There is a short exact sequence of sheaves on X $$ 0 \to \{\pm 1\} \to {\cal O}_X^\times \to {\cal O}_X^\times \to 0 $$ where the second map sends a nonvanishing holomorphic function to its square. You get a long exact sequence of cohomology groups, which in the relevant range is $$ H^0(X, {\cal O}_X^\times) \to H^1(X, \{\pm 1\}) \to Pic(X) \stackrel{2}{\to} Pic(X) \to H^2(X, \{\pm 1\}) $$ where map on the Picard group sends a line bundle $\cal L$ to its square ${\cal L}^{\otimes 2}$. One therefore gets an obstruction to extracting a square root of the line bundle in the cohomology group $H^2(X, \{\pm 1\})$, and an obstruction to uniqueness which is the aforementioned 2-torsion line bundle.

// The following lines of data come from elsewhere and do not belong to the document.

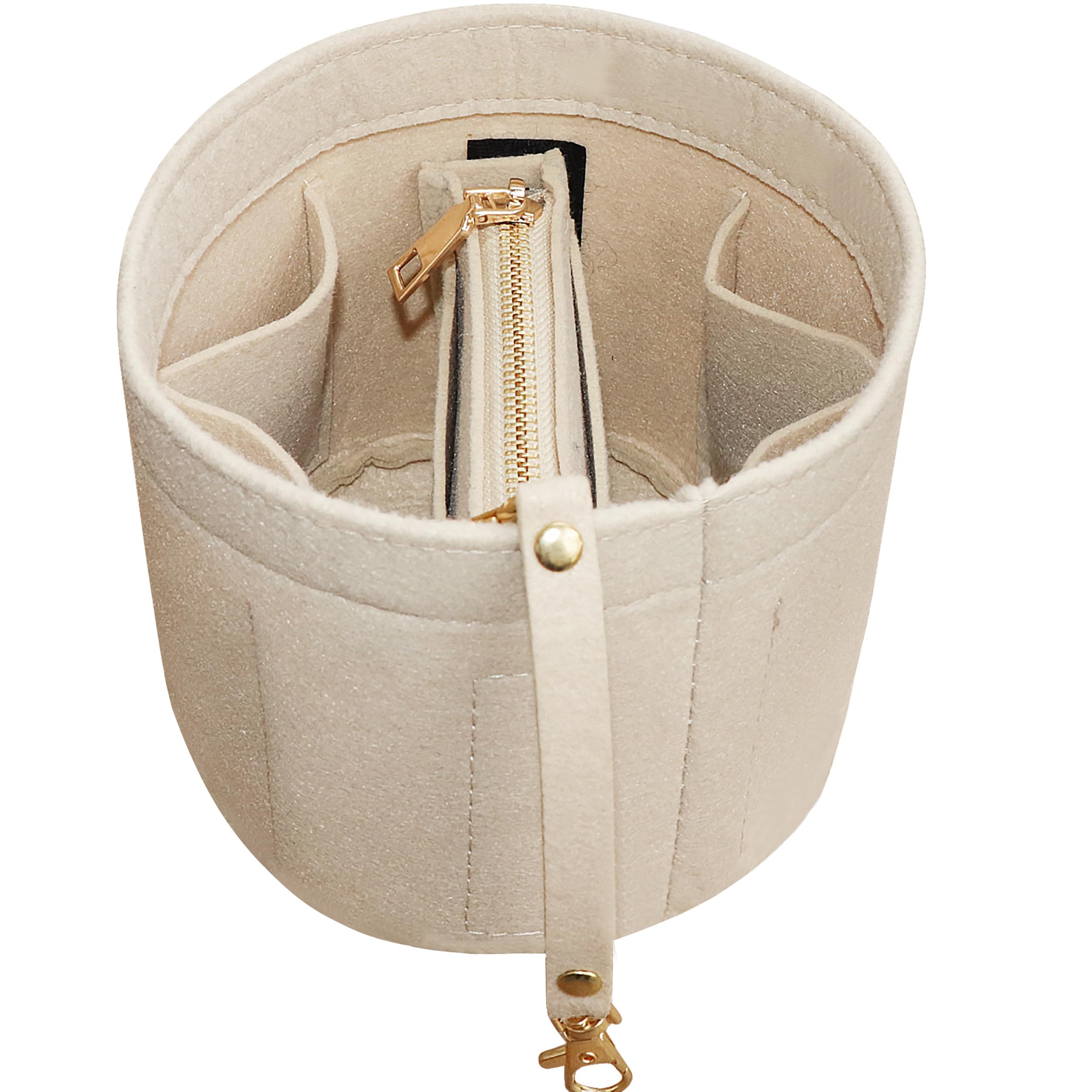 Soyizom Felt Handbag Organiser Purse Insert Fits Cannes Cylinder Bag Insert Tote Organiser for Women Pouch Liner Bag in Bag Organisers,Beige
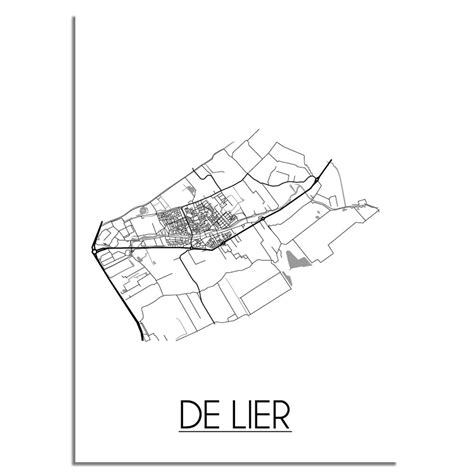 De Lier Plattegrond stadskaart - Wanddecoratie - Zwart Wit ...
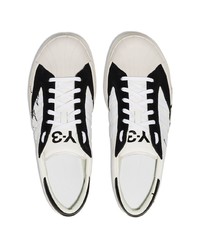 weiße und schwarze bedruckte Leder niedrige Sneakers von Y-3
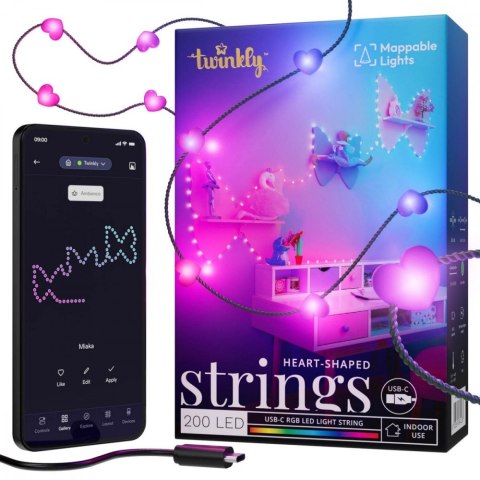 Inteligentne lampki dekoracyjne Strings USB-C (Candies) 200 LED RGB, serca, zielony przewód, 12 m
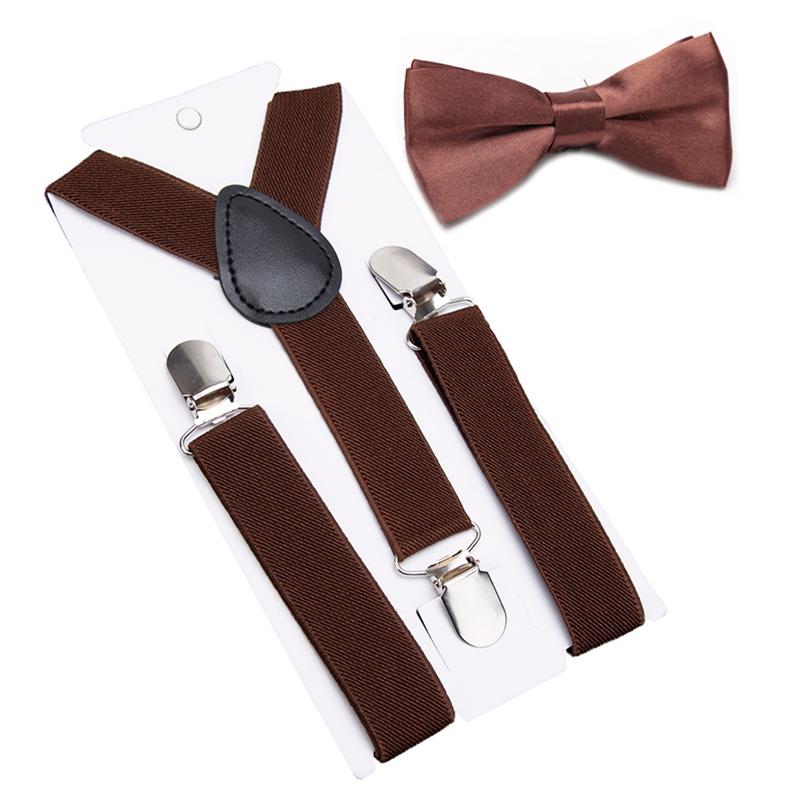 Suspenders Bowtie Set Kids Boy Girl Childrens Christmas Gift Designer Adjustable Y-Back Braces Wedding Clothing Accessories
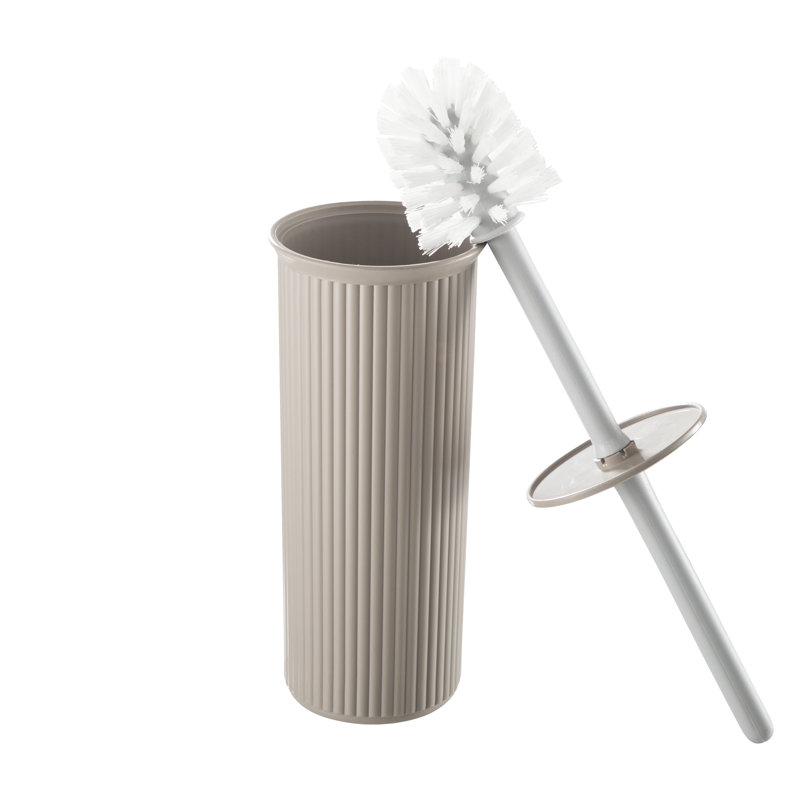 Brosse de toilette autoportante en plastique nervurée 4 po, Taupe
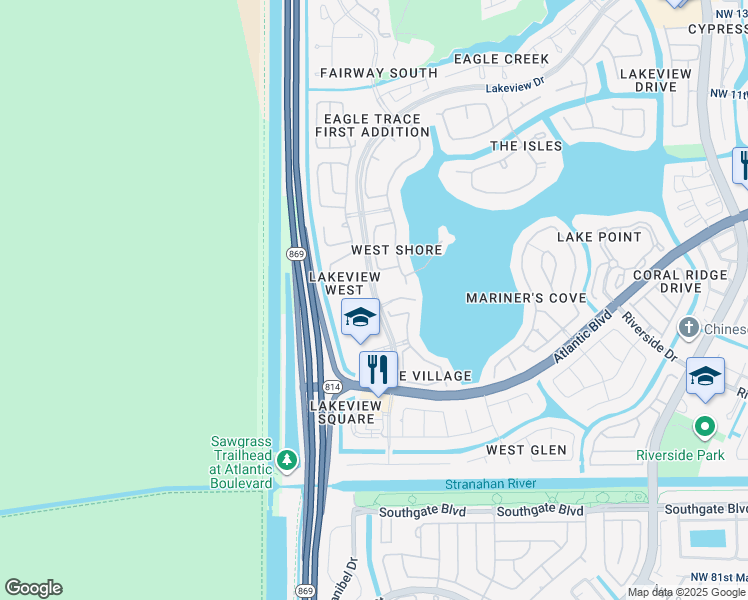 map of restaurants, bars, coffee shops, grocery stores, and more near Lakeview Drive in Coral Springs
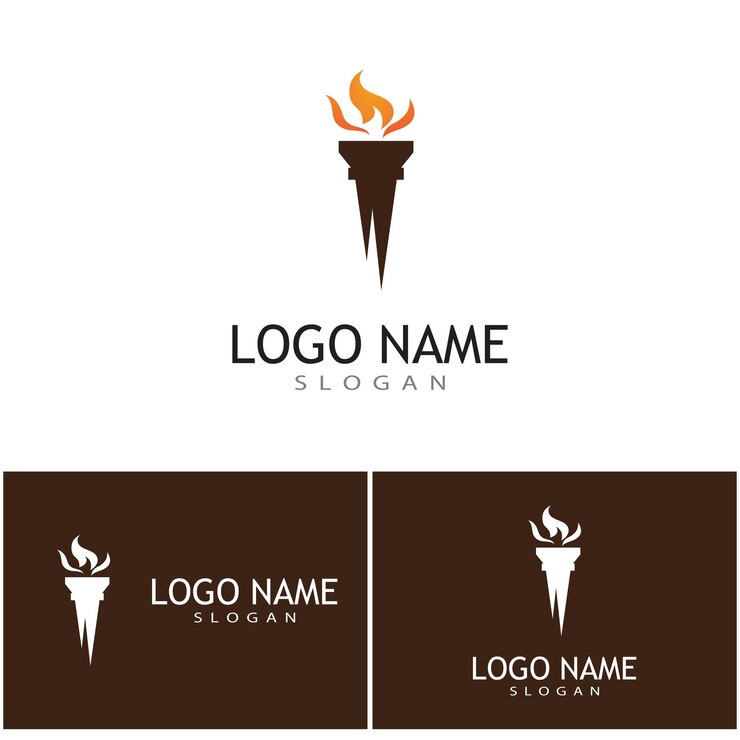 Vector torch with flame logo vector illustration design
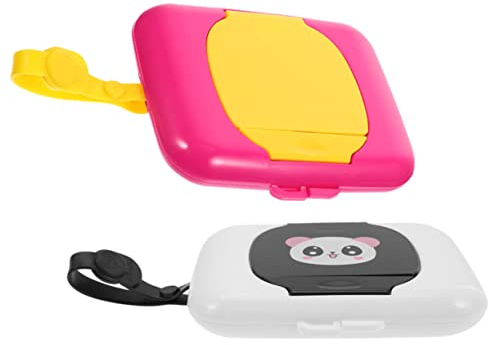 FRCOLOR 2 St Bärbar Våtservettbox med Praktiskt Lock Kompakt Skyddar Servetter från Uttorkning Lämplig för Vagn Hem Slumpmässig i Lila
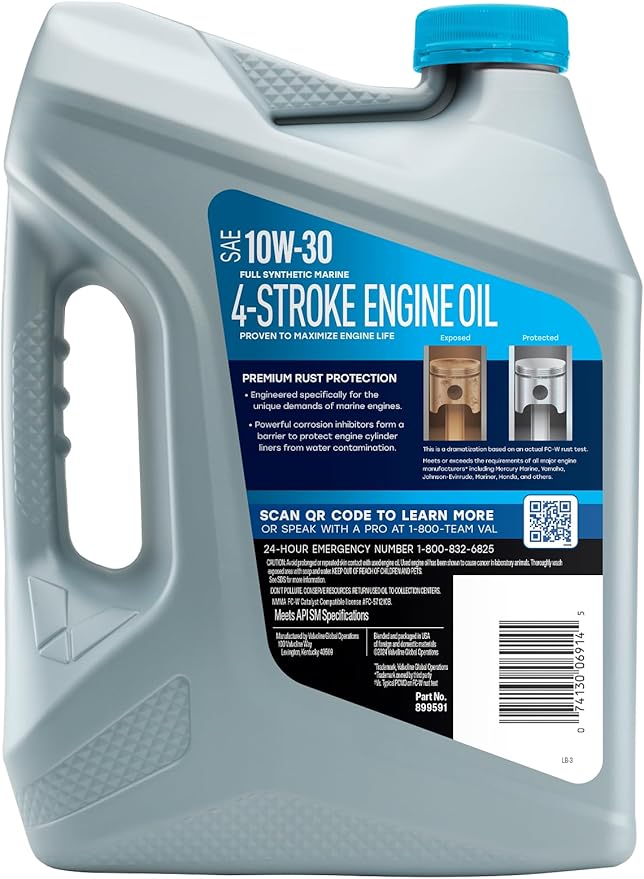 Valvoline 4-Stroke Marine Full Synthetic Engine Oil 1 Gallon (Pack of 3)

Chasing the homological algebra explicitly, in Mike Skirvin's answer he mentions taking the square root of the transition functions $g_{\alpha \beta}$ defining the line bundle. Generally, if you do this it will not work out - you must make nonunique choices of $h_{\alpha \beta}$ with $h_{\alpha \beta}^2 = g_{\alpha \beta}$, and you may not get a cocycle. The coboundary $\delta h$ will be a cycle, but because you know its square is $\delta g \equiv 1$ you find that $\delta h$ is made up of locally constant functions taking only the values $\pm 1$. This is a representing cocycle for the obstruction, and asking whether it is a coboundary is equivalent to asking whether one can fix the signs on the $h_{\alpha \beta}$ to make them match up and give you a line bundle.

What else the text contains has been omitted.